Eager to please, oh yes, always eager to please, I climb onto his back, and with assorted pushes and shoves, stand tall. I grasp the lowest limb and ease myself upwards. Here the branches are more plentiful and open onto a pathway to the clouds. I look back on their bemused faces. Is that a new-found respect I see? Above, the Holy Grail shines blood red, its perfection like unblemished skin on a beautiful girl. I reach up and touch the fruit. I look down and see three pygmies, mouths open in disbelief. One tug, firm and forceful. Nothing. I try again, wrapping my whole hand around the prize. Nothing. I hear a muffled snort from below.
“He can’t even pick an apple from a tree” my brother is doubled over with laughter, his friends adding to the chorus of derision.
I spin round and grab the stubborn apple with both hands and pull hard. It gives. I fall backwards into oblivion and hear myself scream. Several branches break my fall before releasing me to mother earth, winded and sobbing.
“Stupid bastard.” Pierre always had a dirty mouth.
“Someone’s coming, quick.”
They run. My brother stoops to pick up the flawless apple, and leaves me to face the consequences, heaving for each painful breath, unable to move.
A face appears above my own, quizzical, caught between concern and righteous anger. The farmer’s eldest son, Jean-Paul peers at me, lying there in fear and pain.
“Are you all right?”
What a stupid question. Have you noticed how often people ask, “Are you all right?” when it is perfectly obvious that you are not? Does that happen to you? Half dead and helpless but all they ask is, “Are you all right, my friend?”
He helps me get to my feet. “What happened here then? Did you do it?”
“They made me.”
“Oh, who made you?
“Conrad, Theo, and Maurice.” Oh no! I scream, “Not Conrad, Theo, and Maurice…other people.”
“So Conrad, Theo, and Maurice made you shoot Jean Jaurès.”
“No, NO, I did not say that…”
“How many times did you shoot Jaurès? You weren’t on your own, were you?” He shouts at me, louder this time. “How many times did you shoot Jaurès? You weren’t on your own, were you?”
“No not me. Them. No. That’s wrong, it was me. It was.”
“Them?” He looks left and right, walks as far as the stone wall, and checks for signs of intruders. “I don’t see them. I see you.”
“Yes, that’s what I’m trying to tell you. It was me alone. Me.”
He leads me to his father by my left ear and his father kicks my backside and sends me hobbling and sniveling down the orchard path. “Don’t shoot Jaurès again. Not in my orchard.”

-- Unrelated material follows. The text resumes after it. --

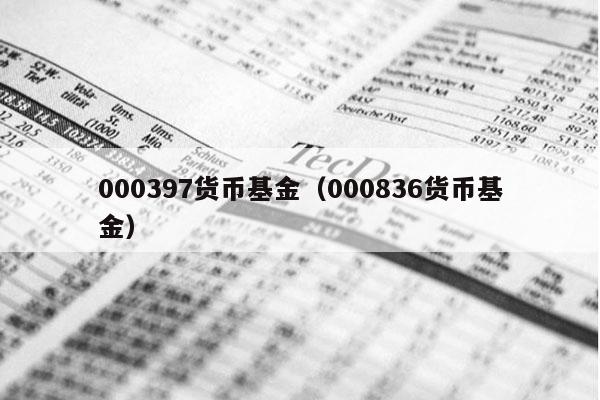 000397货币基金（000836货币基金）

You see how easy it is? Dreams confuse reality. Things that have happened change form. You make mistakes because you find yourself inside old memories. Bad memories. You have to be careful, Charles said.
17
May 1915-December 1916 – Survival of the Wealthiest
The war continued to hemorrhage men and youths in epic numbers. Faced with the advisability of reorganizing the Deuxième. Chief-Superintendent Bernard Roux acted before any outsider could interfere. Mathieu continued his investigations into the international arms dealer but was obliged to keep a low profile, even when Basil Zaharoff went to England. Rumors about him rattled across tottering empires. He was a spy for the British. He was a spy for the Germans. He traded national secrets for gold. He was seen in Switzerland. He was seen in Athens. He was a Greek or a Turk or a Frenchman. The privileged air of diplomatic small talk grew thick with speculation but there was nothing which could definitively prove his war profiteering. Roux’s inner ear heard it all, and for as long as the prince of darkness remained outside the borders of France, his department was impotent. The injured bodyguard, Timon, had been shipped off to a nursing home in the Bernese Alps. A unique perk in unique times.
He called his team together and shared his decision. “Pascal, I need you to stay on for a few more months.” The old captain looked, listened, and refused.

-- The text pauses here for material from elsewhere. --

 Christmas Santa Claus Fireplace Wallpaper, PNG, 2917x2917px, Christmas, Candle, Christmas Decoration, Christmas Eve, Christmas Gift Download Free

“No. You said Christmas, then just a few weeks more, then Easter. I’ll die on the bloody job, chief.”
“You won’t. I’m going to switch your responsibilities with Mathieu’s. You can watch over Zaharoff and foreign visitors, and he can deal with the black market and criminal fraternity and do some real police work.” Before Pascal Girard could reject his request outright, he added, “You’ll be directing operations from here. The younger ones can tread the streets.”
The team knew that Pascal’s family had suffered their own bitter tragedy and teetered on the abyss of extinction. They admired him for accepting his fate with a stoicism which he and many like him endured on a daily basis. War is a wicked imposition. Pascal Girard had known Guy Simon as a friend and encouraged him to join the Tigers when the flying squad was set up. He felt his loss deeply in the first weeks of the war and agonized over his inability to convince Guy to stay in Paris. Worse followed. Pascal’s youngest, Henri, was killed in a gas attack near Ypres during the second battle for the iconic debris which had once been an ancient Flemish town. The Girard family knew the misery of forlorn hope, believing at first that Henri was missing, then that he had been rescued and taken to a military hospital where he was recovering. All lies and conjecture. Henri had been dead for three months before official confirmation arrived via soulless telegram. Three months of useless prayer. No one knew what to say. Condolences are but words no matter how eloquently spoken and well-intended.
Pascal’s devastation continued when his wife, Helene, died because living was no longer important. And, for the first time in his adult life, he was alone. His daughters were spread across the country, married with responsibilities of their own. Pascal’s options were to stay in an empty house, no longer a home, replete with anguished memories, or keep working. He chose work for now.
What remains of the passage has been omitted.